- **TASK PROMPT**
Pictures in the entries below are to be left out; otherwise, reproduce exactly the lines from the first through the line containing "BG Tampines Rovers".

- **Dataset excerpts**
* * * * * * * * *
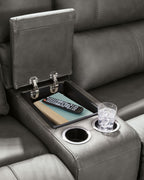 Power reclining sectional sofa console with cup holders and control switches on the arm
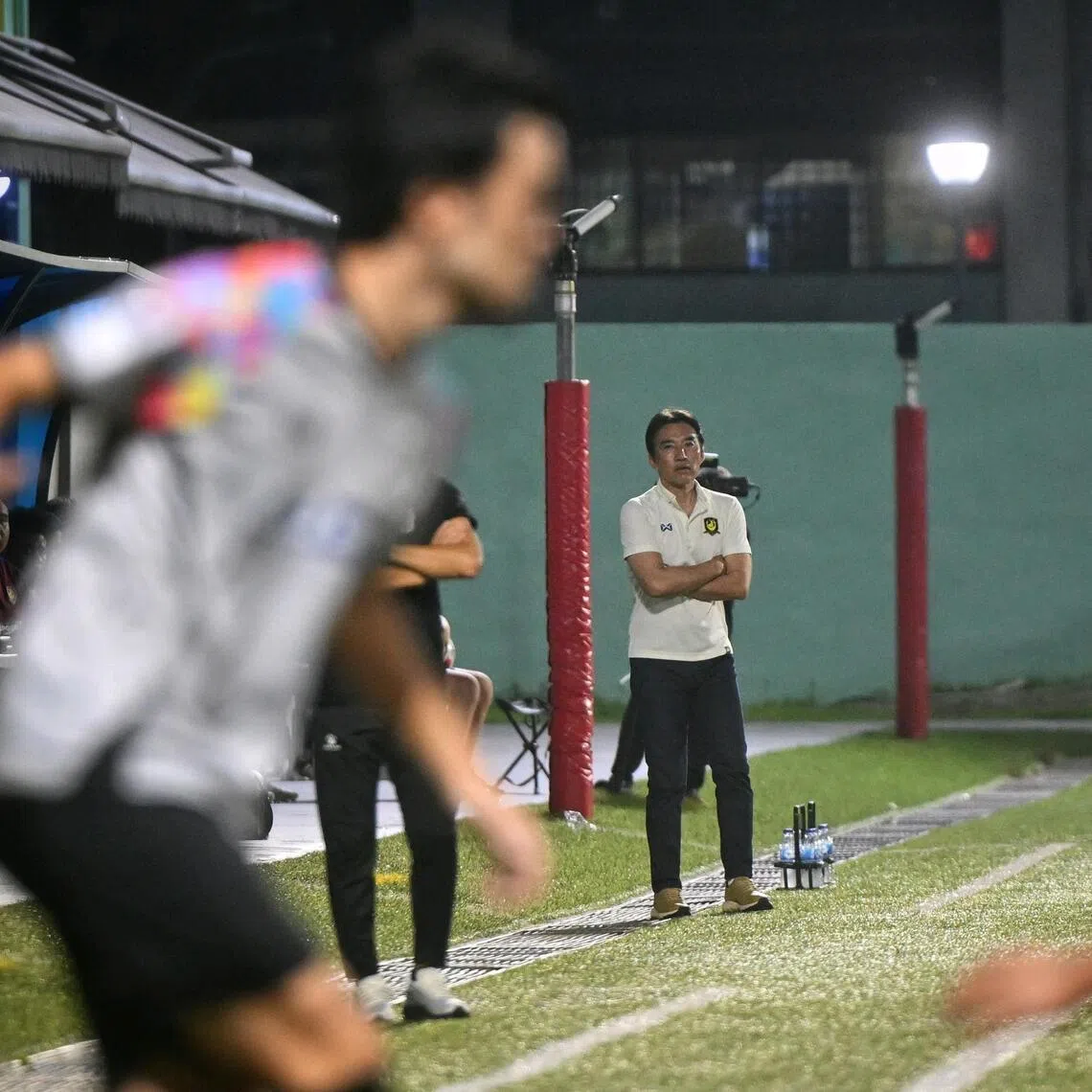 BG Tampines Rovers coach Katsuhito Kinoshi watches on with his arms folded during his team's 3-2 loss against Albirex Niigata at the Jurong East Stadium on Apr 4, 2026.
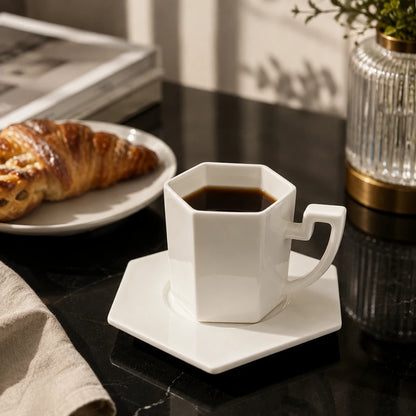 Josh & Tate - PrismCup™ Hexagon Cup & Saucer - A white hexagonal ceramic coffee cup filled with black coffee sits on a matching white saucer on a dark tabletop. A croissant is on a plate in the background, with a glass vase and sunlight casting shadows around it.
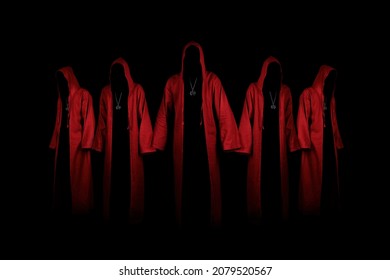 Group of mystery people in a red hooded cloaks.  Unrecognizable person. Hiding face in shadow. Ghostly figure. Satanic sect member. Conspiracy concept. Isolated on black. - Shutterstock ID 2079520567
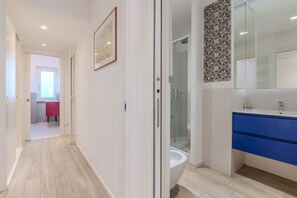 Un baño moderno con cabina de ducha de vidrio, un lavamanos blanco y armarios azules.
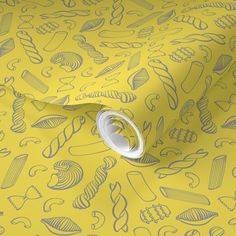 a yellow wallpaper with blue and white doodles on the side, along with a roll of tape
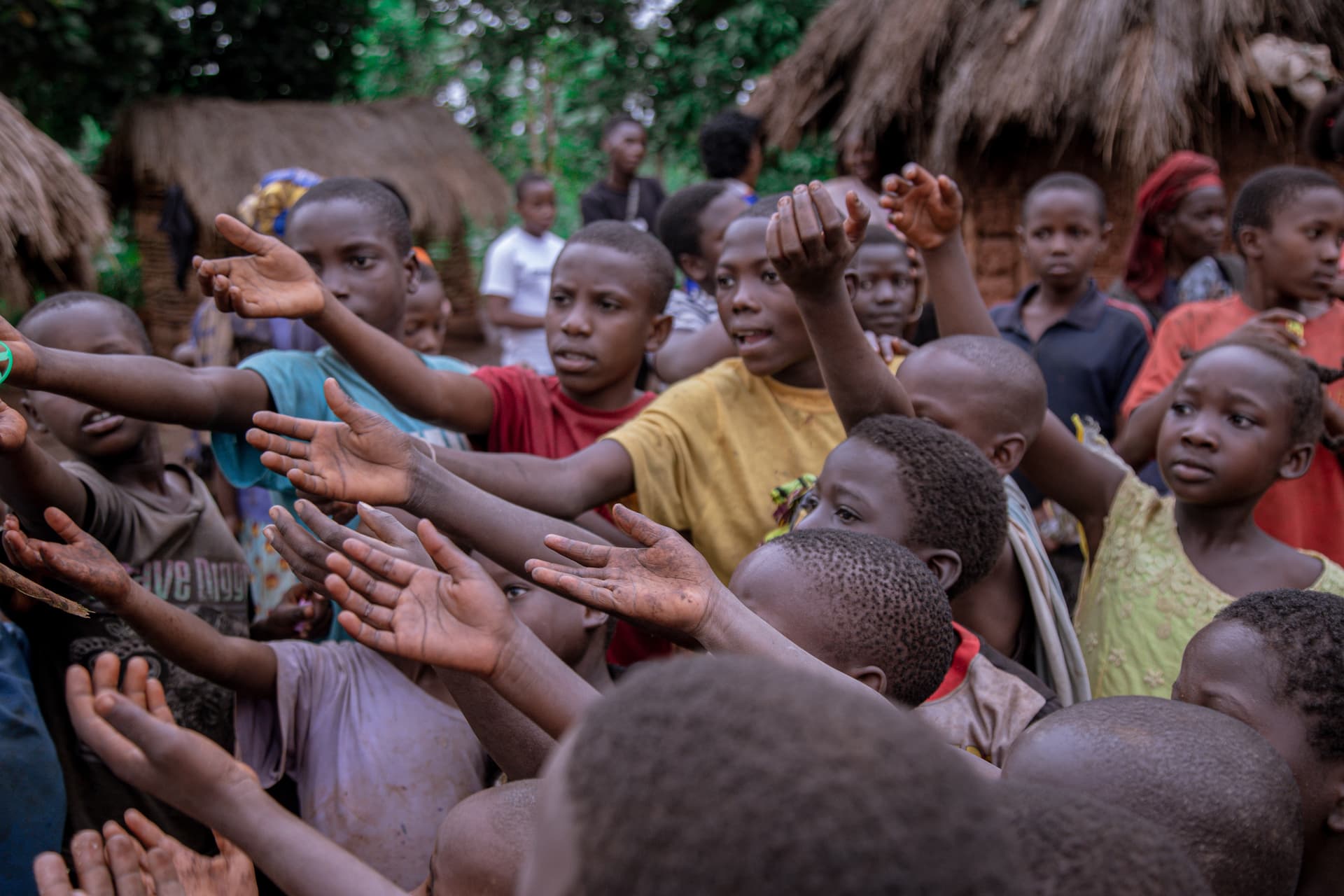 A crowd of children and adults reach their hands toward the camera at an outdoor gathering near thatched-roof huts.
* * * * * * * * *
- **OUTPUT BELOW**
 Power reclining sectional sofa console with cup holders and control switches on the arm
 BG Tampines Rovers coach Katsuhito Kinoshi watches on with his arms folded during his team's 3-2 loss against Albirex Niigata at the Jurong East Stadium on Apr 4, 2026.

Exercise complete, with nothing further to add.